= Justyna Zwolak =

Polish-American applied mathematician

Justyna P. Zwolak is a Polish and American applied mathematician whose research applies machine learning to quantum computing, and particularly to the control theory, tuning, and state recognition of quantum dots. She works as a scientist at the National Institute of Standards and Technology, in its Applied and Computational Mathematics Division.

==Education and career==
Zwolak was educated at Nicolaus Copernicus University in Toruń, where she received a master's degree in 2007 and completed her Ph.D. in 2011.

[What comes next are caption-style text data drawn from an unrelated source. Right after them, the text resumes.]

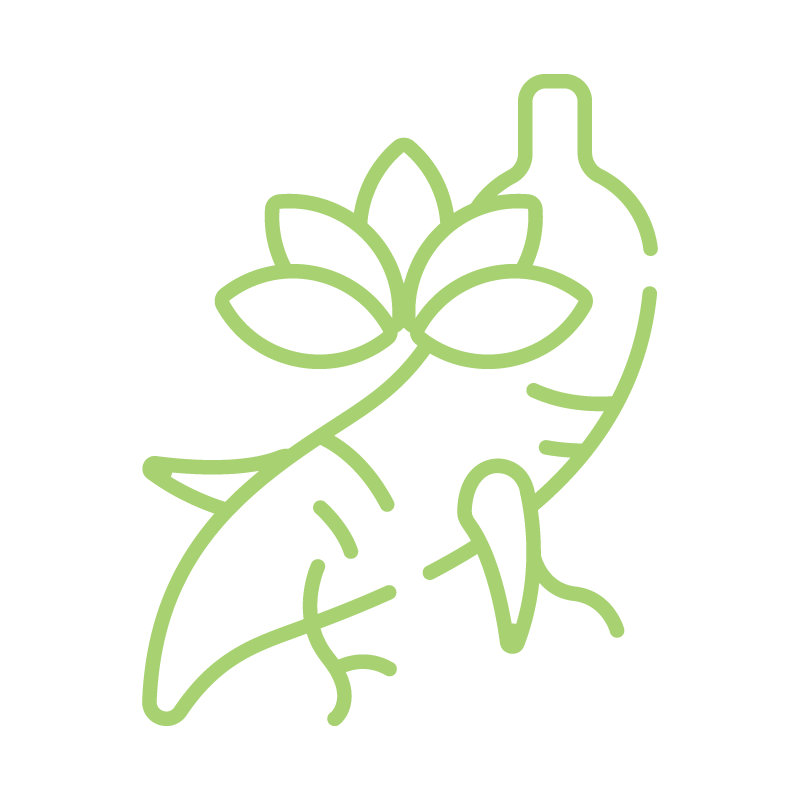 Ingredient Icons_Innoslim™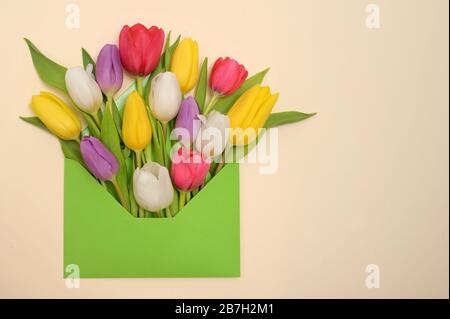 Blumen Und Umschlag Der Tulpen Im Frühling Stockfoto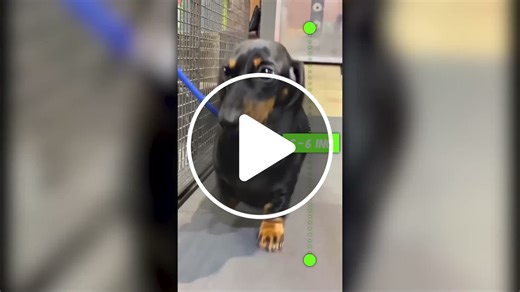 20 Smallest and Cutest Dog Breeds in the World - NewsBreak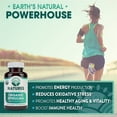 thumbnail image 5 of USDA Organic Spirulina Tablets - Non-GMO Green Superfood Supplement: 3000mg of Fresh Blue Green Algae, Vegan, Gluten Free, Sustainably Grown, Pesticides Free and Non-Irradiated, 500mg per Tablet, 180, 5 of 7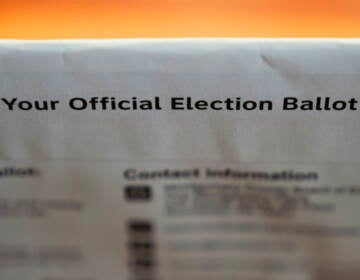 Mail-in election ballot. (AP Photo/Matt Rourke)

Next, she became a postdoctoral researcher in physics at Oregon State University from 2011 to 2014, in the STEM Transformation Institute of Florida International University from 2014 to 2017, and in the Institute for Advanced Computer Studies (UMIACS) Joint Center for Quantum of the University of Maryland, College Park from 2017 to 2019. In 2019 she joined the National Institute of Standards and Technology as a mathematician in its Applied and Computational Mathematics Division.

==Recognition==
With Jacob Taylor of NIST, Zwolak received the Department of Commerce Bronze Medal in 2024 "for pioneering the field of machine learning for quantum control". She was the 2024 recipient of the Washington Academy of Sciences Excellence in Research Award, "for outstanding contributions in the application of machine learning to the control of systems at the frontiers of quantum science and technology".

She was a 2025 recipient of the Presidential Early Career Award for Scientists and Engineers, "for breakthrough research combining machine learning, computer vision, and physics-based heuristics to calibrate and control quantum systems".